¹Nephrology Division, Chang Gung Memorial Hospital-Kaohsiung Medical Center, Chang Gung University College of Medicine, Taiwan

²Department of Neurology, Chang Gung Memorial Hospital-Kaohsiung Medical Center, Chang Gung University College of Medicine, Taiwan

³Endocrine Division, Chang Gung Memorial Hospital-Kaohsiung Medical Center, Chang Gung University College of Medicine, Taiwan

⁴Department of Pediatrics, Chang Gung Memorial Hospital-Kaohsiung Medical Center, Chang Gung University College of Medicine, Taiwan

author email corresponding author email

Journal of Negative Results in BioMedicine 2009, 8:10doi:10.1186/1477-5751-8-10


Published:	5 November 2009

Abstract

Background

Mitochondria (mt) are highly susceptible to reactive oxygen species (ROS). In this study, we investigated the association between a region within the displacement loop (D-loop) in mtDNA that is highly susceptible to ROS and oxidative stress markers in chronic dialysis patients. We enrolled 184 chronic dialysis patients and 213 age-matched healthy subjects for comparison. Blood levels of oxidative stress markers, such as thiobarbituric acid reactive substances (TBARS) and free thiol, and the mtDNA copy number were determined.

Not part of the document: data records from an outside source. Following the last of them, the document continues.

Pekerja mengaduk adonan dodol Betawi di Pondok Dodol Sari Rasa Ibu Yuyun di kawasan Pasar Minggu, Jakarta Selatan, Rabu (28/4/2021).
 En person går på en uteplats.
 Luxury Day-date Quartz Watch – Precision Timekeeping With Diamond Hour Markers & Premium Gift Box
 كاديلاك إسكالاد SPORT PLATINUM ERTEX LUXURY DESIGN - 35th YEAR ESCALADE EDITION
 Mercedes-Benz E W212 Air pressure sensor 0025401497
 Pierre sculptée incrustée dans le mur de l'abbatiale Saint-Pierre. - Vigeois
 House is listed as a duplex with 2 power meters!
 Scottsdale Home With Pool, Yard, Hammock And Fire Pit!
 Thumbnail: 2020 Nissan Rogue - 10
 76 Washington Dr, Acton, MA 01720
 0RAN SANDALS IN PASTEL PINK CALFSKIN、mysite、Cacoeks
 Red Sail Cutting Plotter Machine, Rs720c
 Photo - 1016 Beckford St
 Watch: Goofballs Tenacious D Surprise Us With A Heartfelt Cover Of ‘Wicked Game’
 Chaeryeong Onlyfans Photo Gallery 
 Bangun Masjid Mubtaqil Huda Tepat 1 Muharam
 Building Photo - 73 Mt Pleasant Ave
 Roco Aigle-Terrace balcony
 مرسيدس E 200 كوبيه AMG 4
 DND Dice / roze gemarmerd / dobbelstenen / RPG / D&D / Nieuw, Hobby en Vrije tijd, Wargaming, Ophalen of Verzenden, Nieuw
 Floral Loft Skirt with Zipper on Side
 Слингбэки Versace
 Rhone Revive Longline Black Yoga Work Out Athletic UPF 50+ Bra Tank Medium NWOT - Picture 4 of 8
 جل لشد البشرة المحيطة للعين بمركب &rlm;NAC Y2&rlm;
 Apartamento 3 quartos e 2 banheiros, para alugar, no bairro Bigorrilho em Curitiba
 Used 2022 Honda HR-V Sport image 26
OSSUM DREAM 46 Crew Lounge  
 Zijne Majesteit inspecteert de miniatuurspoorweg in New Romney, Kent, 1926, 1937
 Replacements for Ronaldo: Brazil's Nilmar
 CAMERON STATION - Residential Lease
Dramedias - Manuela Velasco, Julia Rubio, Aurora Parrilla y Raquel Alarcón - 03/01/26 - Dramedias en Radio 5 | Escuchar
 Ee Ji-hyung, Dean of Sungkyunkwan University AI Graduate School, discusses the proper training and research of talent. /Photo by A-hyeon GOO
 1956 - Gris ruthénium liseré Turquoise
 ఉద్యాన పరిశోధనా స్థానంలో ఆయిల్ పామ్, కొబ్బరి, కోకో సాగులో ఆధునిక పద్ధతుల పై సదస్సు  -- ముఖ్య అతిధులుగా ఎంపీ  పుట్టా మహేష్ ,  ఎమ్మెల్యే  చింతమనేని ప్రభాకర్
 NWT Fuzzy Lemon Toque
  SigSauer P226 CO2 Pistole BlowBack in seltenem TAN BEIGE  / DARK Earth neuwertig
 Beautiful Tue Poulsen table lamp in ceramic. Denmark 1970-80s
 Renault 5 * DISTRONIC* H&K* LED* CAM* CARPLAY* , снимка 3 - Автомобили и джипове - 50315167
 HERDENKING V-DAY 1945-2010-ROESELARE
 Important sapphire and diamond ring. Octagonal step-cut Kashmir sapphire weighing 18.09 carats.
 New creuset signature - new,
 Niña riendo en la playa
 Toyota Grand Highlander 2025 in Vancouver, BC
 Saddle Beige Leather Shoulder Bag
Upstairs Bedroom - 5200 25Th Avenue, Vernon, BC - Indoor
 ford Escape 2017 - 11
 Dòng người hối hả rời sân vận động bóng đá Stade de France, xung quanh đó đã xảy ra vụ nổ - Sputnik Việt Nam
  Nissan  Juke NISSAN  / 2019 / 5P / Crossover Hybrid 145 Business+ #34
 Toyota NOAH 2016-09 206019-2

A mononucleotide repeat sequence (CCCC...CCCTCCCCCC) between nucleotides 303 and 316-318 (D310) was identified in mtDNA.

Results

Depending on alterations in the D310 mononucleotide repeat, subjects were categorized into 4 subgroups: 7-C, 8-C, 9 or 10-C, and T-to-C transition. Oxidative stress was higher in chronic dialysis patients, evidenced by higher levels of TBARS and mtDNA copy number, and a lower level of free thiol. The distribution of 7-C, 8-C, and 9-10C in dialysis and control subjects was as follows: 7-C (38% vs. 31.5%), 8-C (35.3% vs. 43.2%), and 9-10C (24.5% vs. 22.1%). Although there were significant differences in levels of TBARS, free thiol, and the mtDNA copy number in the D310 repeat subgroups (except T-to-C transition) between dialysis patients and control subjects, post hoc analyses within the same study cohort revealed no significant differences.

Conclusion

Although oxidative stress was elevated in chronic dialysis patients and resulted in a compensatory increase in the mtDNA copy number, homopolymeric C repeats in the mtDNA region (D310), susceptible to ROS, were not associated with oxidative stress markers in these patients.